Persistent, recurrent problems with sexual response or desire — that distress you or strain your relationship with your partner — are known medically as female sexual dysfunction.

Many women experience problems with sexual function at some point in their lives. Female sexual dysfunction can occur at all stages of life, and it may be ongoing or happen only once in a while.

You may experience more than one type of female sexual dysfunction. Types include:

  • Low sexual desire. You have diminished libido, or lack of sex drive.
  • Sexual arousal disorder. Your desire for sex might be intact, but you have difficulty or are unable to become aroused or maintain arousal during sexual activity.
  • Orgasmic disorder. You have persistent or recurrent difficulty in achieving orgasm after sufficient sexual arousal and ongoing stimulation.
  • Sexual pain disorder. You have pain associated with sexual stimulation or vaginal contact.

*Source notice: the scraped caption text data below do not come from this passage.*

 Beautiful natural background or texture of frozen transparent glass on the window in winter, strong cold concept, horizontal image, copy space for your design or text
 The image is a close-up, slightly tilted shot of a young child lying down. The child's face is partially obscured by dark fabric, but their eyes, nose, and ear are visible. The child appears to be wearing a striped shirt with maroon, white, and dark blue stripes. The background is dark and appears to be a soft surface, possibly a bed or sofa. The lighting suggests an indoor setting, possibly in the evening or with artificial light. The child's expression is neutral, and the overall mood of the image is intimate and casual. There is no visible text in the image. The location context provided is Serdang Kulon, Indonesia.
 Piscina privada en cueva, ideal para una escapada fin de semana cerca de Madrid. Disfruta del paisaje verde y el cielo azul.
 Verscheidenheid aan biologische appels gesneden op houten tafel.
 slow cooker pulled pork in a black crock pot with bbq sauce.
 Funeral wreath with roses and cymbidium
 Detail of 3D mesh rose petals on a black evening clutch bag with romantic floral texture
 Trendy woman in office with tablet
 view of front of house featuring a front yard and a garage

Sexual response involves a complex interaction of physiology, emotions, experiences, beliefs, lifestyle and relationships. Disruption of any of these components can affect sexual drive, arousal or satisfaction. Fortunately, female sexual dysfunction is treatable.

Female sexual dysfunction can happen at any age. Sexual problems often develop when your hormones are in flux — for example, after having a baby or during menopause. Sexual concerns may also occur with major illness, such as cancer, diabetes, or heart and blood vessel (cardiovascular) disease.

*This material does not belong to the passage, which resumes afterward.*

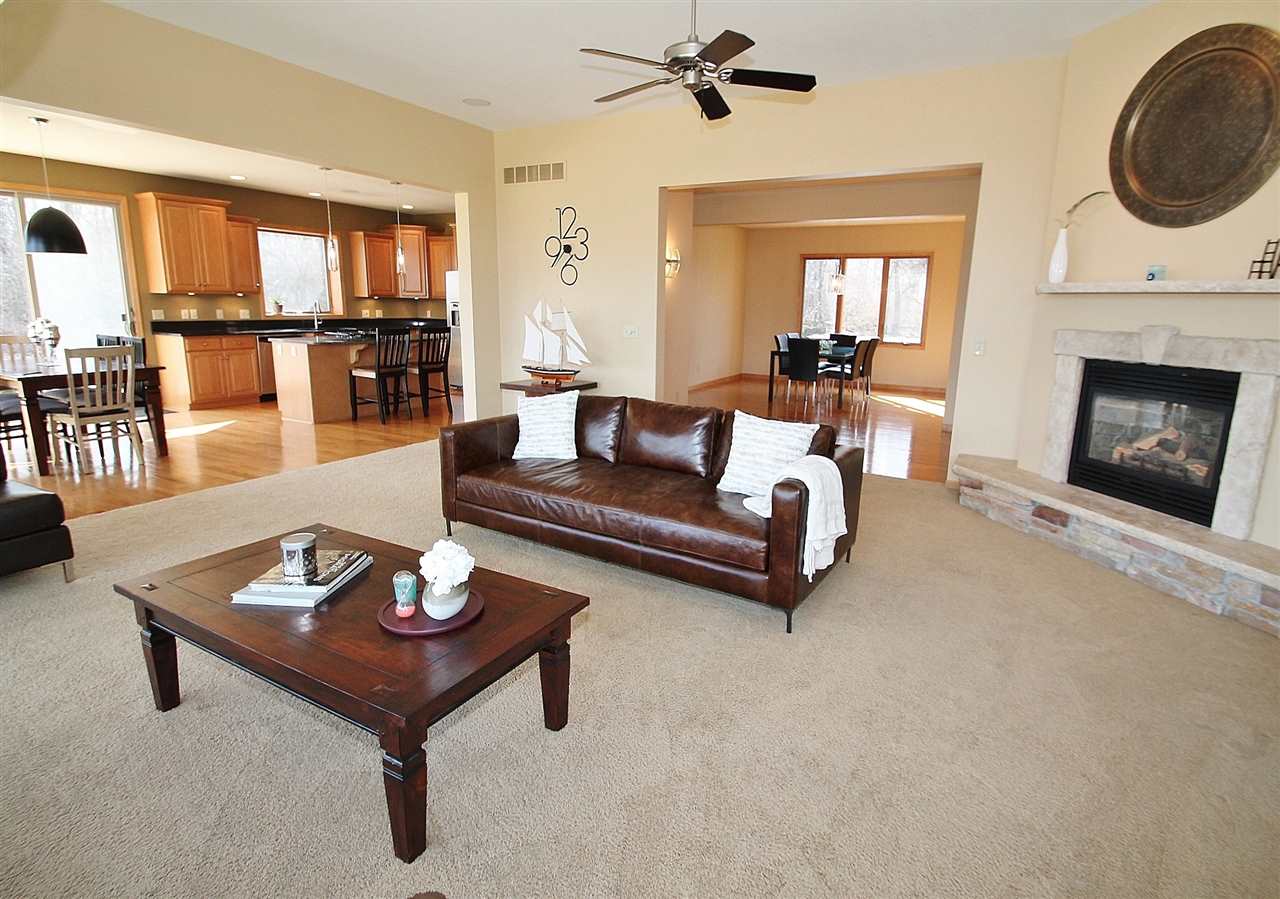 575 Spring Creek Road Rockford, IL 61114 - Photo 6 of 25 a living room with furniture and a fireplace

Your problems might be classified as female sexual dysfunction if you experience one or more of the following — and you’re distressed about it:

  • Your desire to have sex is low or absent.
  • You can’t maintain arousal during sexual activity, or you don’t become aroused despite a desire to have sex.
  • You can’t experience an orgasm.
  • You have pain during sexual contact.

Several factors contribute to sexual dissatisfaction or dysfunction. These factors tend to be interrelated.

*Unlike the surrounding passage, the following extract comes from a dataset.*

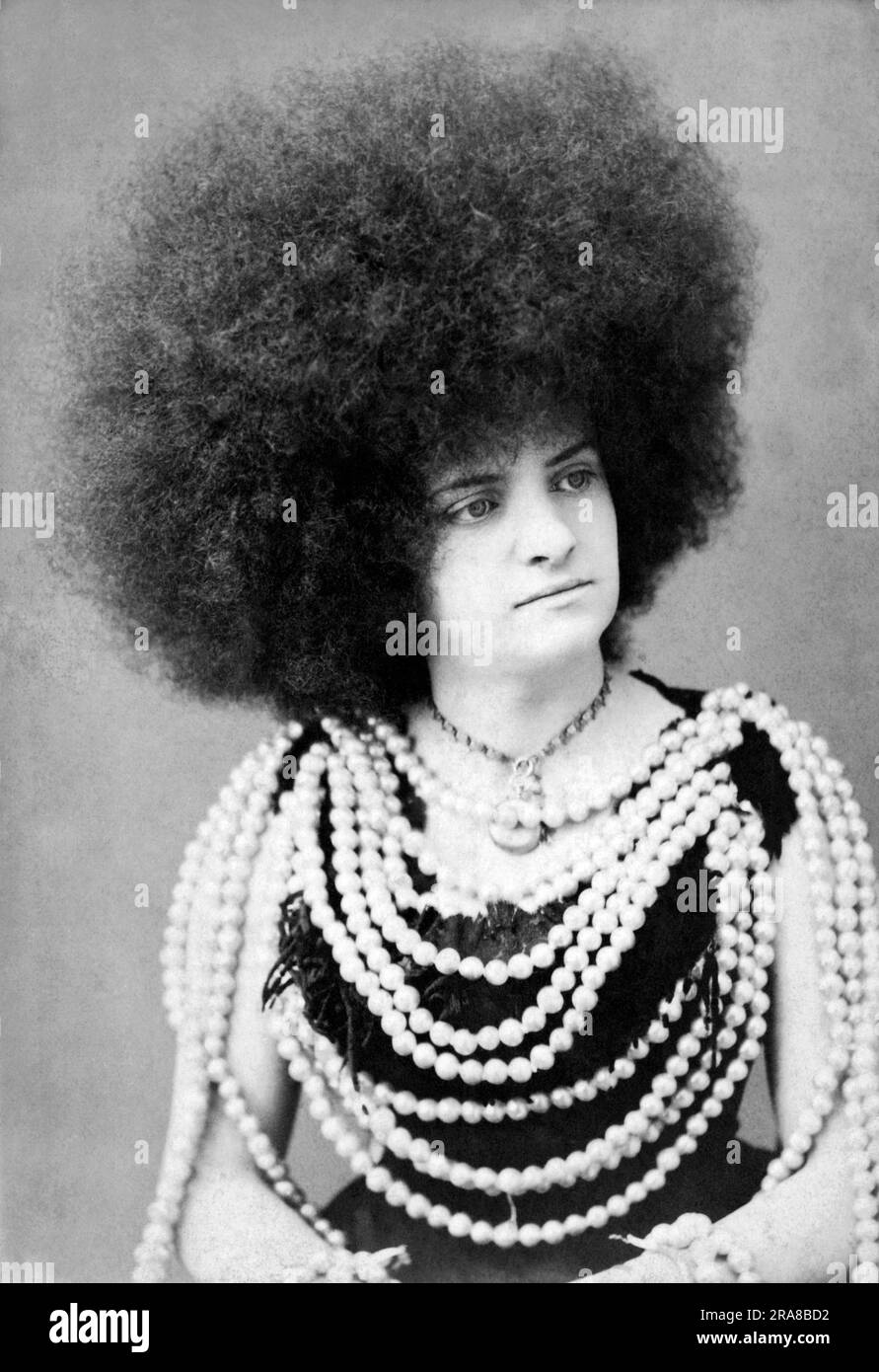 New York, New York:  c. 1880. A protrait of a woman vaudeville or circus performer with an immense afro hairdo and many rows of beads on her body Stock Photo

  • Physical. Examples of physical conditions that may contribute to sexual problems include arthritis, urinary or bowel difficulties, pelvic surgery, fatigue, headaches, other pain problems, and neurological disorders such as multiple sclerosis. Certain medications, including some antidepressants, blood pressure medications, antihistamines and chemotherapy drugs, can decrease your sex drive and your body’s ability to experience orgasm.
  • Hormonal. Lower estrogen levels after menopause may lead to changes in your genital tissues and sexual responsiveness. The folds of skin that cover your genital area (labia) become thinner, exposing more of the clitoris. This increased exposure sometimes reduces the sensitivity of the clitoris.

    The vaginal lining also becomes thinner and less elastic, particularly if you’re not sexually active, causing a need for more stimulation to relax and lubricate before intercourse. These factors can lead to painful intercourse (dyspareunia), and it may take longer to experience orgasm.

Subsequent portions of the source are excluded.